There's typically also a little bit of procrastination that could drive sign up to soar in the last week of the sign-up period, Von Ruden said.

The DMC program offers protection to dairy producers when the difference between the all-milk price and the average feed cost (the margin) falls below a certain dollar amount selected by the producer. Farmers pay a minimum $100 administration fee to participate in the program then pay a premium per hundredweight (cwt) of production based on a coverage level, ranging from $4.50 to $9.50, on the first 5 million pounds. A second tier of premium coverage will cover production above 5 million pounds.

DMC would help dairy farmers brace themselves for a downturn in the market, especially for the first 5 million pounds of production a farmer enrolls.

DMC is set up to provide what Bozic described as a "generous premium structure versus return." At that first 5-million-pound threshold, Bozic said an analysis showed over the past decade the DMC would have paid out $9 in indemnities for every $1 a farmer paid in premium.

Calculations by agricultural economists show DMC would basically offer a floor price protection for producers just below $18 per cwt throughout most of 2021. "That is an extremely effective floor price for many producers in the 150- to 250-cow category," he said.

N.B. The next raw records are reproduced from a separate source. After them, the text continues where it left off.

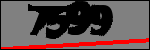 متن برای شناسایی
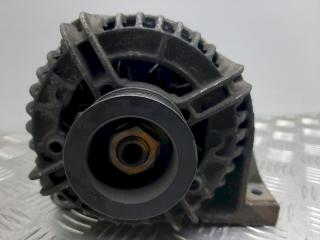 генератор Volvo V70 2 поколение 2000, 2.4 л., i, 124515017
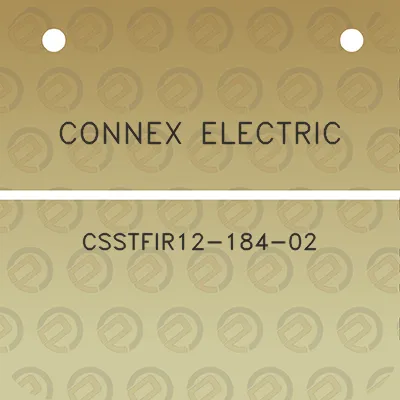 connex-electric-csstfir12-184-02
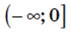 0601obig-d546-71x35.png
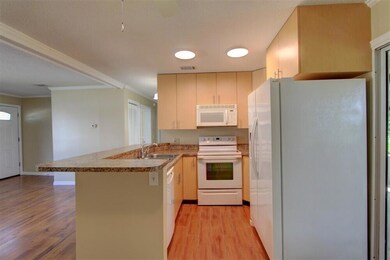 IMG_0776_7_8_Fusion-Interior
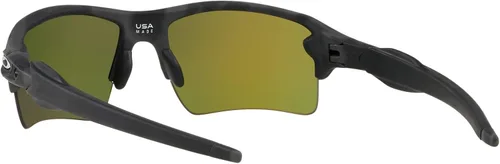 Miniatura 6 de Oakley Flak 2.0 XL Gafas de sol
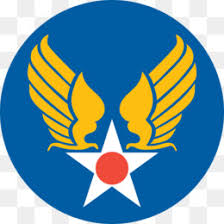 Facebook logo youtube logo snapchat logo google logo amazon logo apple logo twitter logo transparent background. Air Force Symbol Png And Air Force Symbol Transparent Clipart Free Download Cleanpng Kisspng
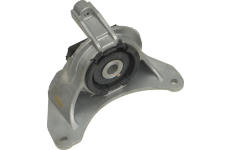 Zavěšení motoru GATES ETM1818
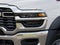 2027 RAM 5500 Chassis Tradesman 84CA 4x4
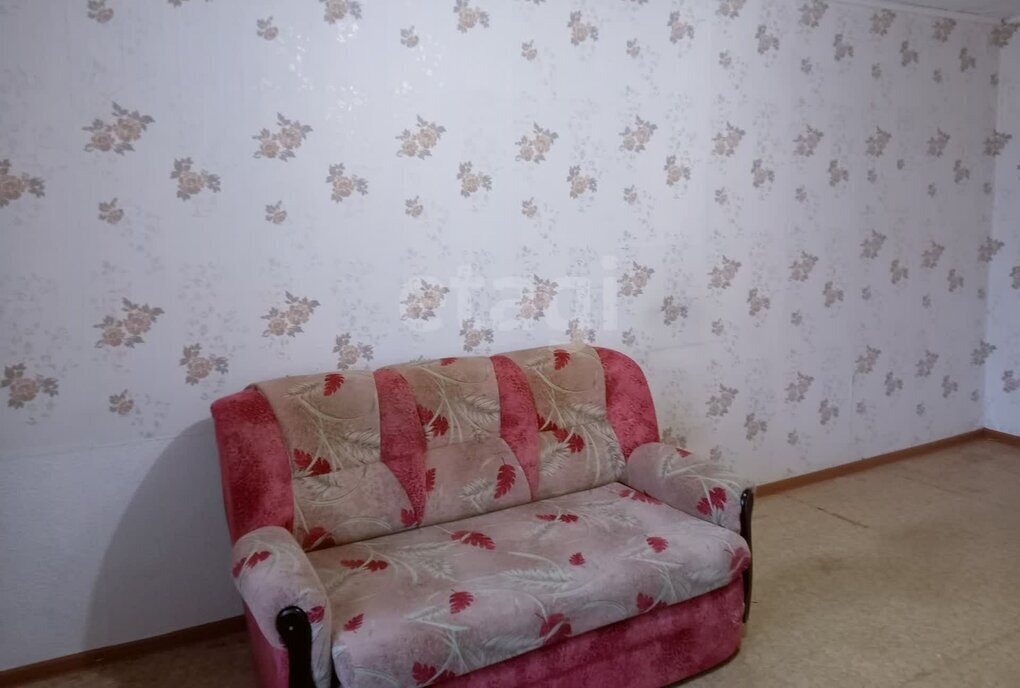 квартира г Йошкар-Ола ул Лебедева 51а фото 9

DMC enrollment has dropped each year. In 2019, 84% of eligible dairy farms were enrolled in the program. When the program began, at least some farmers signed up for coverage through 2023 to receive a 25% premium discount. In 2019, DMC paid out $313.8 million, or an average of about $13,400 per operation.

About 51% of eligible farmers signed up in 2020, enrolling about 122.5 million pounds of production. The program has paid out $199.6 million in payments through Nov. 23, or about $14,878 per operation.

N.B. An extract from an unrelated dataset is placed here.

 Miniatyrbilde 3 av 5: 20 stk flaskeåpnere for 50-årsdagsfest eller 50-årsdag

Bozic stressed that USDA, Extension staff, processors, fellow dairy producers and news media should be encouraging farmers and their bankers to get operations signed up by the Dec. 11 deadline.

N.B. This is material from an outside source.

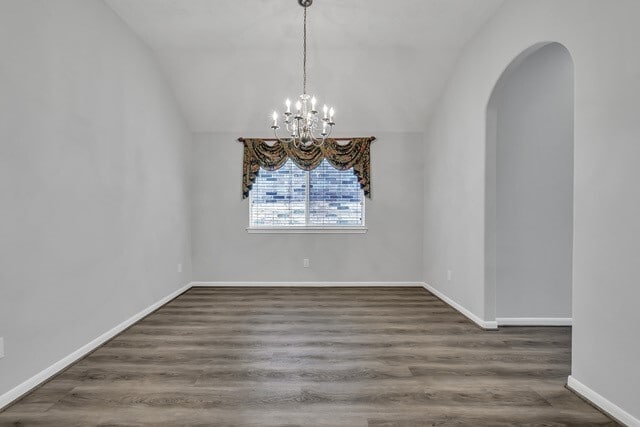 Building Photo - 15838 Pleasant Green Cir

"Let's not be ambivalent about this. The message needs to be very clear," Bozic said.

Richard Fordyce, USDA's Farm Service Agency administrator, said USDA has not looked at extending the enrollment deadline.

Earlier this week, an analysis by the American Farm Bureau Federation also pointed out that the lack of signup for DMC "is somewhat perplexing to observers given the potential of payments exceeding premiums seems relatively likely."

A possible reason for low interest in DMC is the aid provided to dairy farmers under the Coronavirus Food Aid Program (CFAP 1 and 2). The two programs combined had paid dairy farmers nationally $2.77 billion in 2020 while DMC payout has been under $200 million.

For the moment, Congress has not authorized any new aid packages for agriculture, though negotiations continue over just how large an aid package Congress could pass before the end of the year. That would then likely require the incoming Biden administration to either build on the CFAP aid or create a new plan. Fordyce cautioned dairy farmers against wagering that they would be in line for further rounds of direct aid.

"You know, I can't predict what the next administration is going to do for any kind of support related to the pandemic, or maybe other things may happen that we're not even aware of that this point," Fordyce said. "And so I guess if I were counseling dairy operations, I would say that we don't know what's coming next."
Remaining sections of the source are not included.